Sebelum keluar dari mobil Dian, aku memandang rumahku baik-baik dengan seksama, lalu menoleh ke arah Dian, ia memandangku sejenak lalu ke rumahku.
"Hati-hati ya, Al... " kata Dian padaku. Aku hanya mengangguk padanya lalu membuka pintu mobil dan keluar perlahan. "Al..." panggilnya lagi, aku menoleh dan mendapati wajahnya yang sedikit risau. "Telepon gue kalau ada sesuatu." katanya lagi dan aku mengangguk ke arahnya.

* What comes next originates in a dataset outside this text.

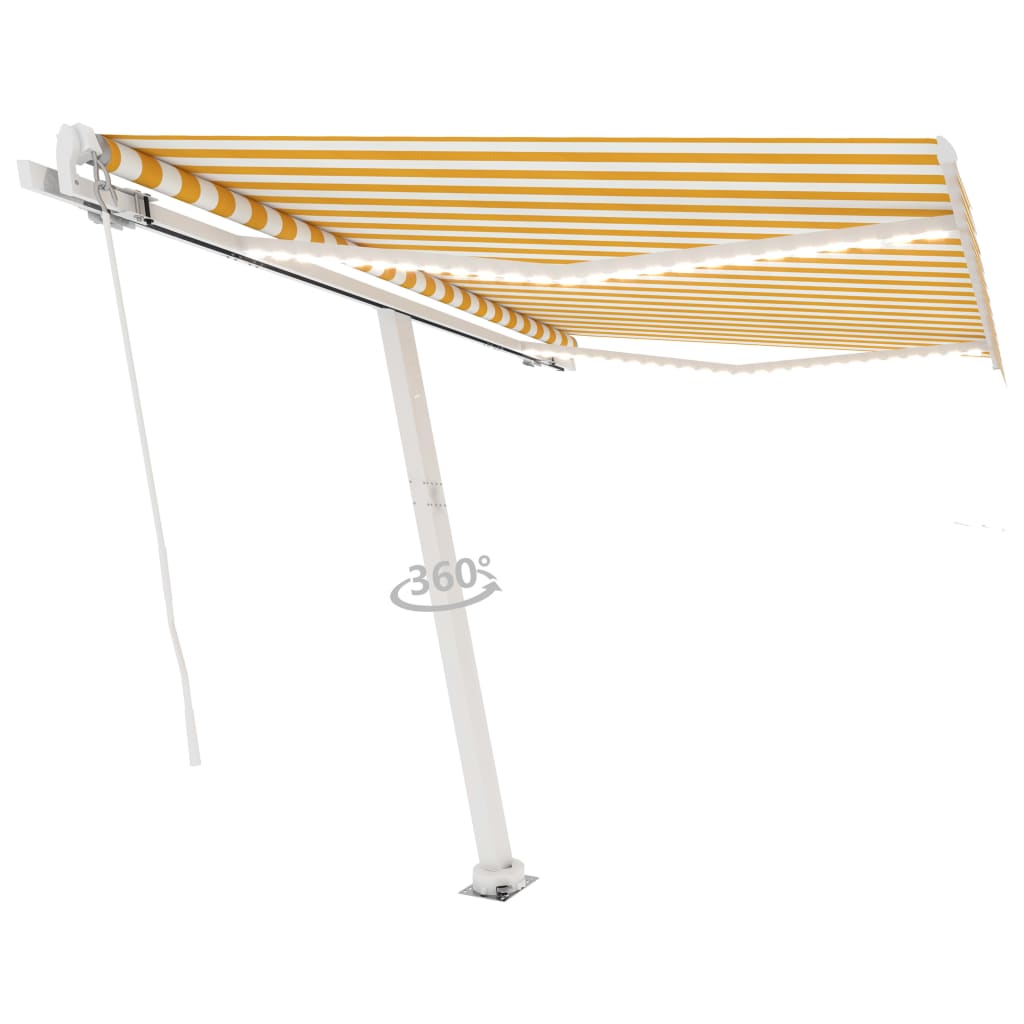 Toldo retrátil manual com LED 300x250 cm amarelo e branco
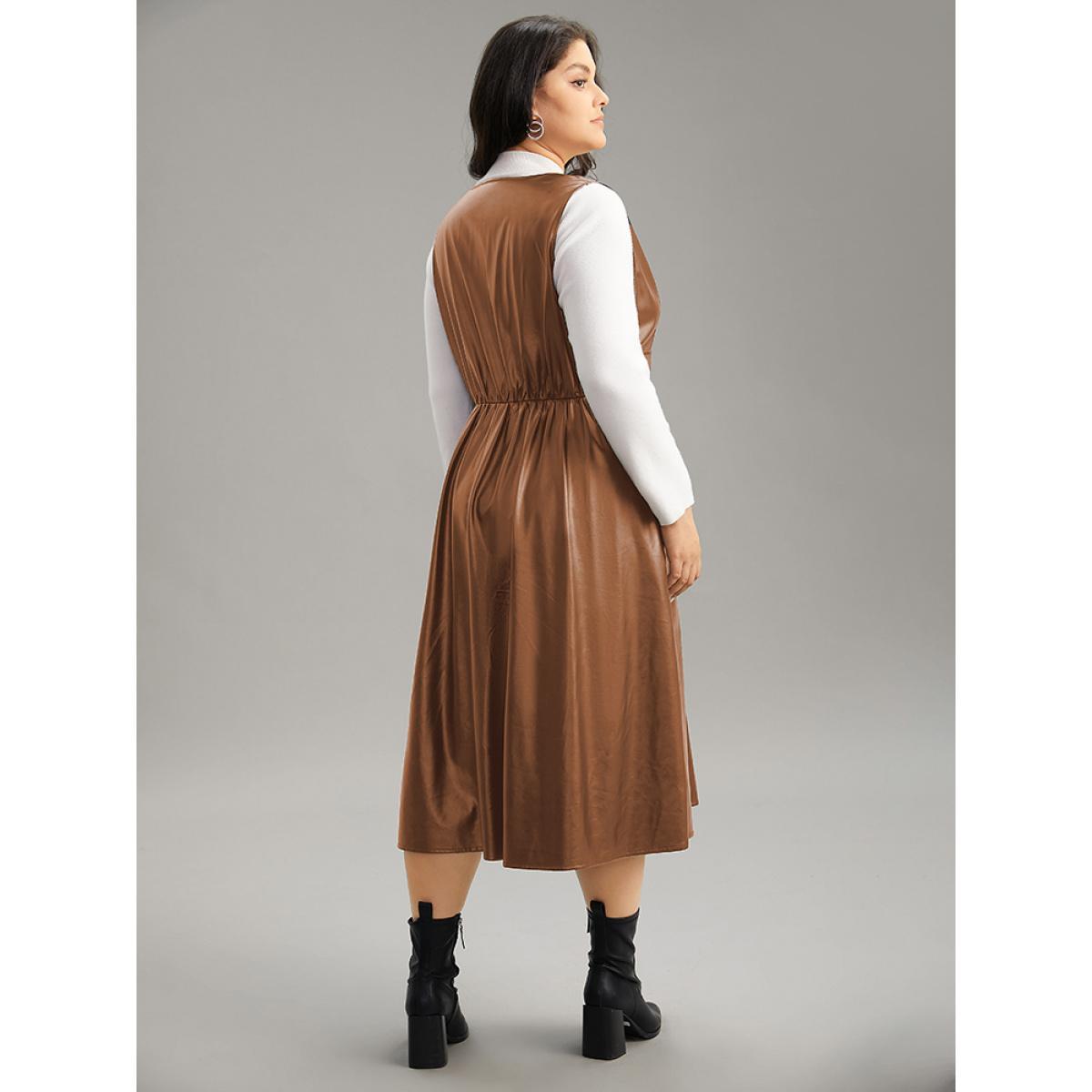 Plus Size PU Leather Sleeveless Button Detail Dress Chocolate Women Office Plain V-neck Sleeveless Curvy Midi Dress BloomChic 28/5X Product Image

"Sudah mau maghrib, pulanglah." kataku dan ia mengangguk lalu menyalakan mesin mobilnya dan berlalu dari rumahku.
"Alya!" aku menoleh dan mendapati Mama di ambang pintu rumah. Aku tersenyum membalasnya yang tersenyum lembut ke arahku..
"Mama kok udah pulang?" tanyaku seraya mengecup pipinya.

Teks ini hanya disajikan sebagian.